Pull out of the data below the stretch of lines bounded by the one containing "Kenny Dalglish Football Shirt" and the one containing "NuRevolution Noble Duo", both bounds included, unchanged.

Entries supplied.

***

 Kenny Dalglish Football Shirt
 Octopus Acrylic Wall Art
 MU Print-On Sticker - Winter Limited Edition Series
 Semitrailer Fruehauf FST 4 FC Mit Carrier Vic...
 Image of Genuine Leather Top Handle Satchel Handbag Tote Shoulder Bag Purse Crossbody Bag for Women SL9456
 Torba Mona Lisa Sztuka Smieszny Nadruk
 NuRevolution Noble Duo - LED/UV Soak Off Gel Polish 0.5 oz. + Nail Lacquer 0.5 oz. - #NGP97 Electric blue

***

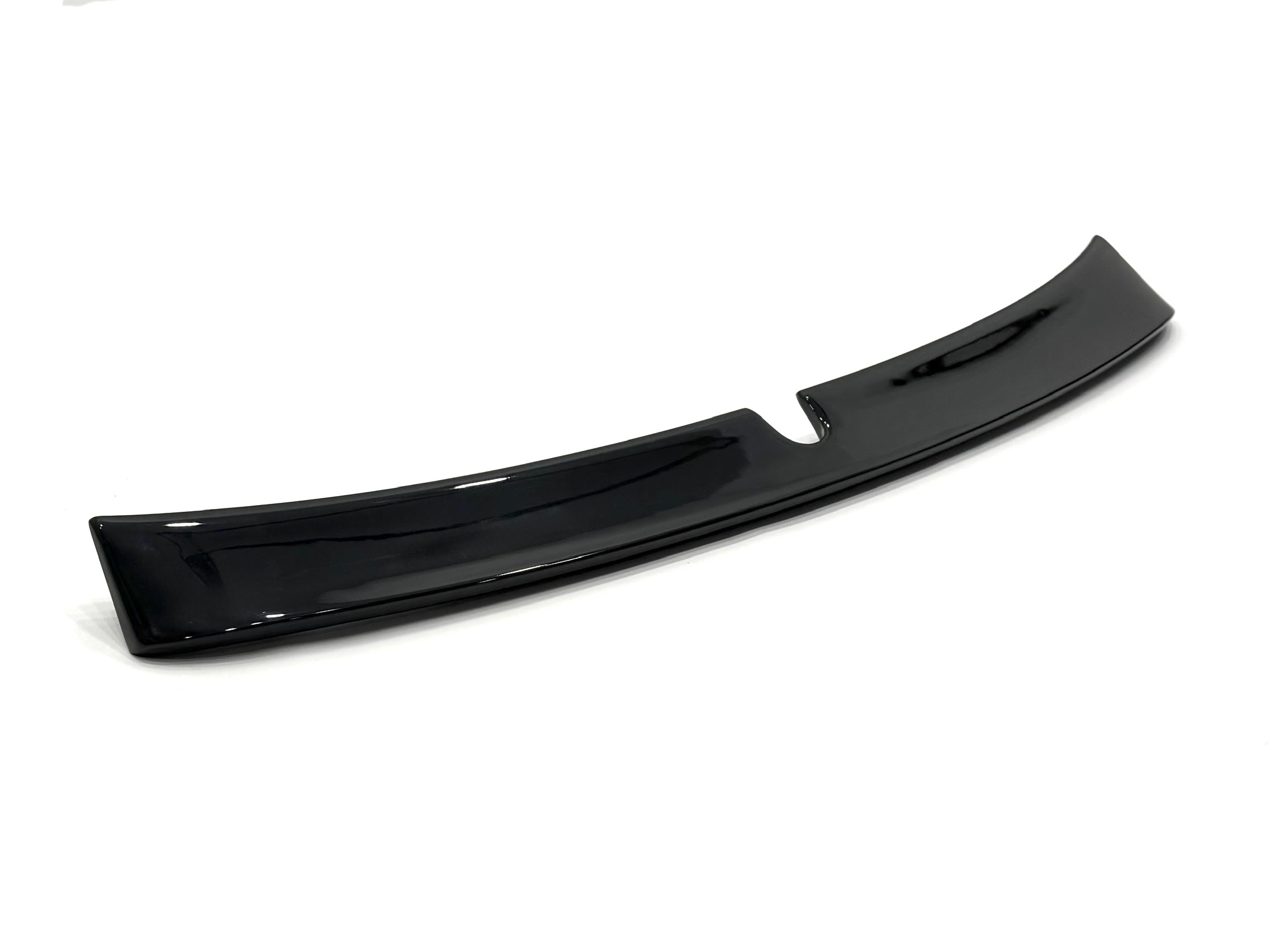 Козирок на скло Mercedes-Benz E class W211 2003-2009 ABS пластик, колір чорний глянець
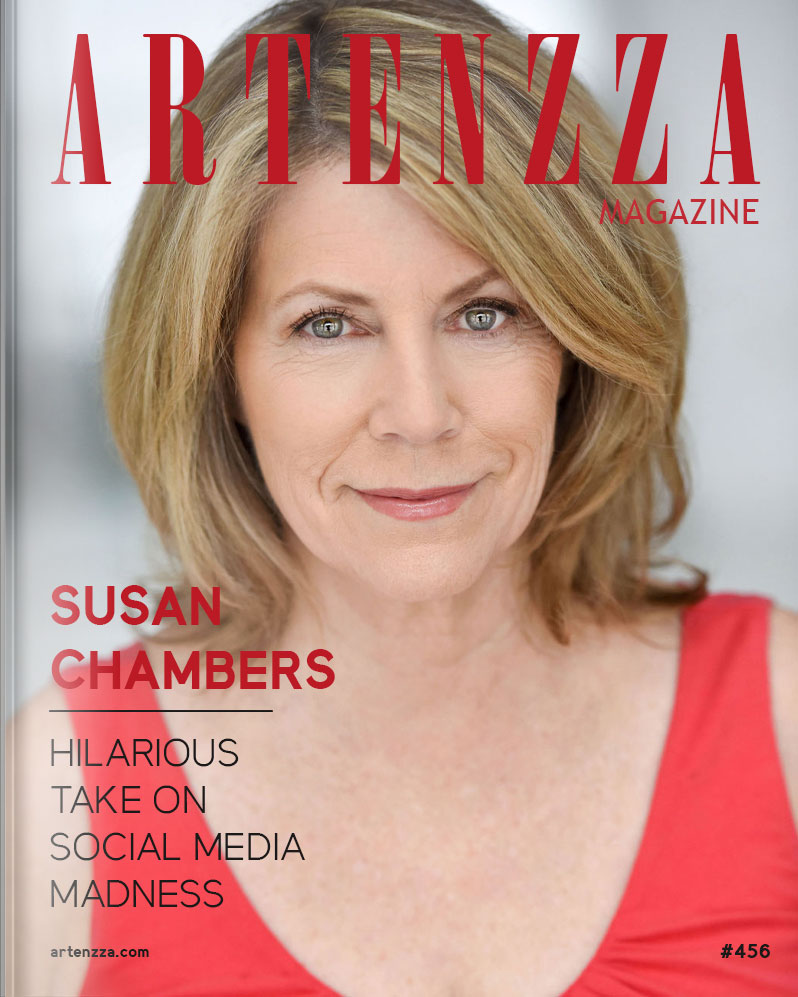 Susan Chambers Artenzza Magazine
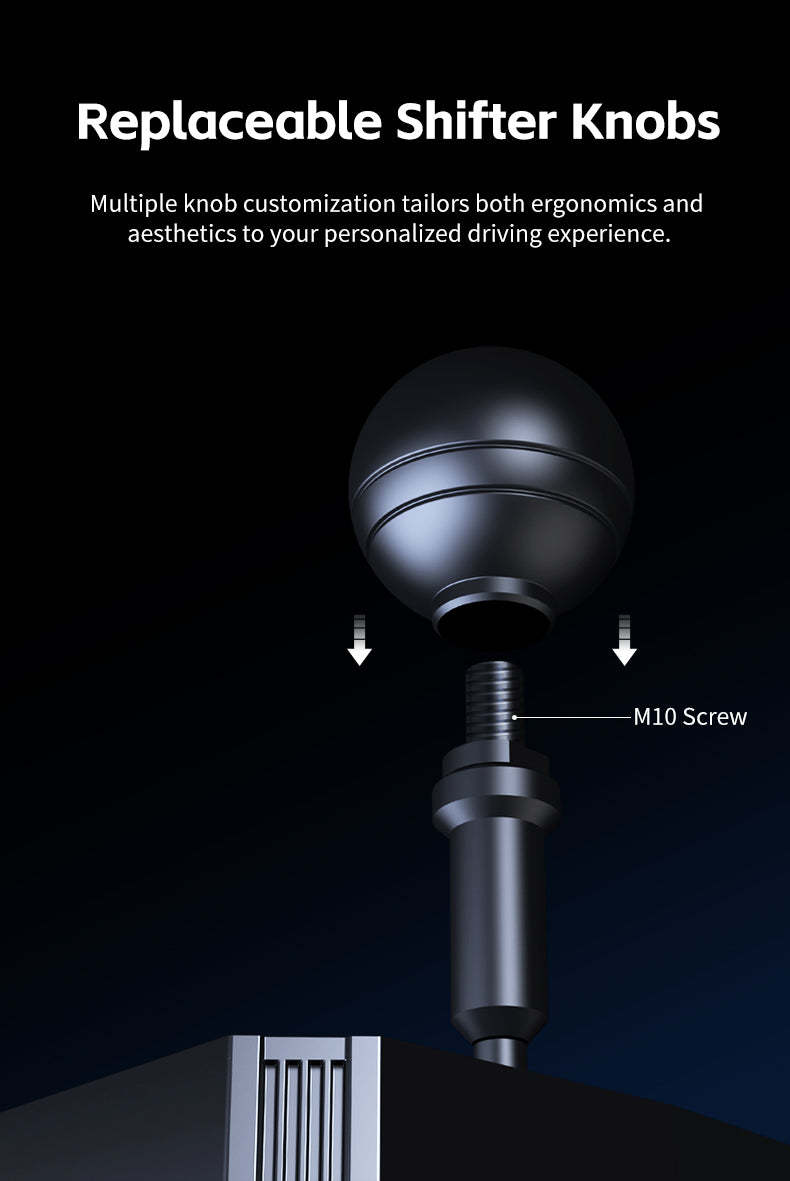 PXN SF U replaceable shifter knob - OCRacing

***

Written solution.
 Kenny Dalglish Football Shirt
 Octopus Acrylic Wall Art
 MU Print-On Sticker - Winter Limited Edition Series
 Semitrailer Fruehauf FST 4 FC Mit Carrier Vic...
 Image of Genuine Leather Top Handle Satchel Handbag Tote Shoulder Bag Purse Crossbody Bag for Women SL9456
 Torba Mona Lisa Sztuka Smieszny Nadruk
 NuRevolution Noble Duo - LED/UV Soak Off Gel Polish 0.5 oz. + Nail Lacquer 0.5 oz. - #NGP97 Electric blue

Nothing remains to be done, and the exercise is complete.